La sénatrice Coyle : Mary Coyle, d’Antigonish, Nouvelle-Écosse.

La sénatrice Busson : Bev Busson, de la Colombie-Britannique.

La sénatrice Duncan : Pat Duncan, du Yukon.

Le président : Merci, chers collègues.

Bienvenue à vous, ainsi qu’à ceux qui sont avec nous dans la salle aujourd’hui, et aussi aux personnes qui nous regardent peut-être d’un bout à l’autre du pays sur ParlVU.

Je vous signale rapidement que notre greffière, Chantal Cardinal, ne peut pas être des nôtres aujourd’hui.
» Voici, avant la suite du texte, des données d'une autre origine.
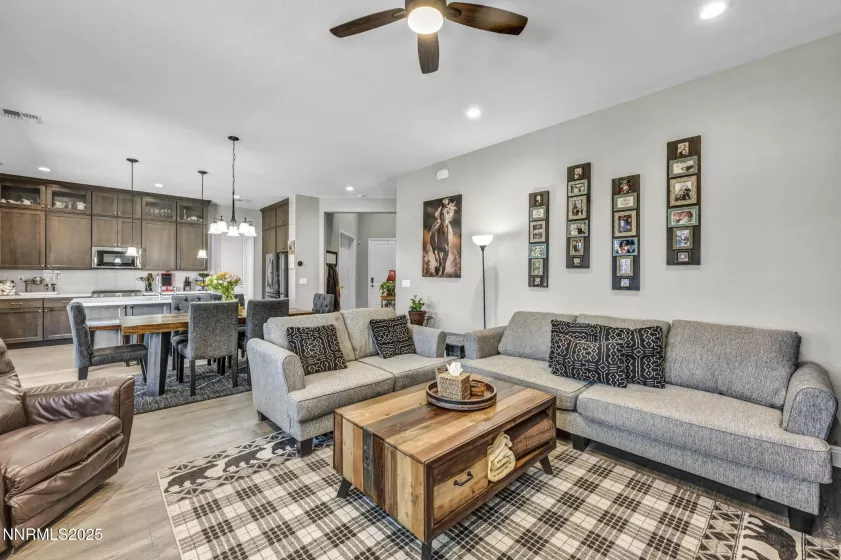 2109 Cast Iron, Reno, Nevada 89521, 2 Bedrooms Bedrooms, ,2 BathroomsBathrooms,Residential,Residential,Cast Iron,250052264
C’est Raymond St. Martin, greffier du Comité sénatorial permanent de l’agriculture et des forêts, qui nous guidera aujourd’hui.

Chers collègues, nous poursuivons aujourd’hui notre étude du projet de loi C-282, Loi modifiant la Loi sur le ministère des Affaires étrangères, du Commerce et du Développement (gestion de l’offre).
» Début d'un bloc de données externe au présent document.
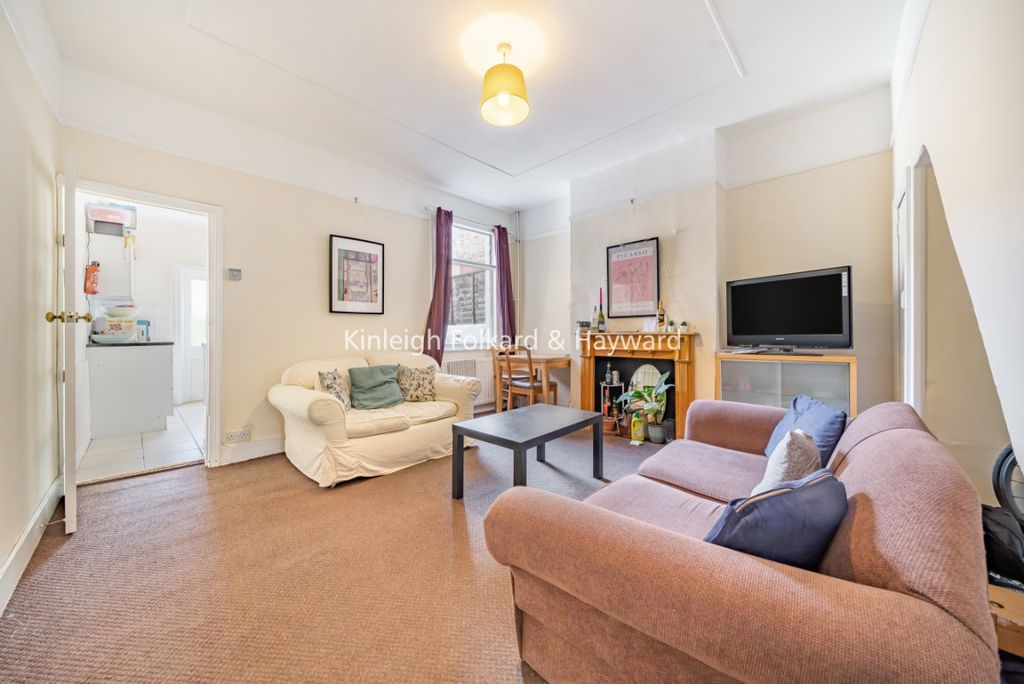Property photo 1 of 7 A839298F-Eee6-447F-A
Nous sommes très heureux d’accueillir, par vidéoconférence, l’honorable John P. Manley, ancien vice-premier ministre du Canada et ministre des Affaires étrangères, ainsi qu’ancien ministre des Finances et de l’Industrie et ancien président et chef de la direction du Conseil canadien des affaires; et John Treleaven, consultant en commerce international et ancien ambassadeur du Canada aux Philippines.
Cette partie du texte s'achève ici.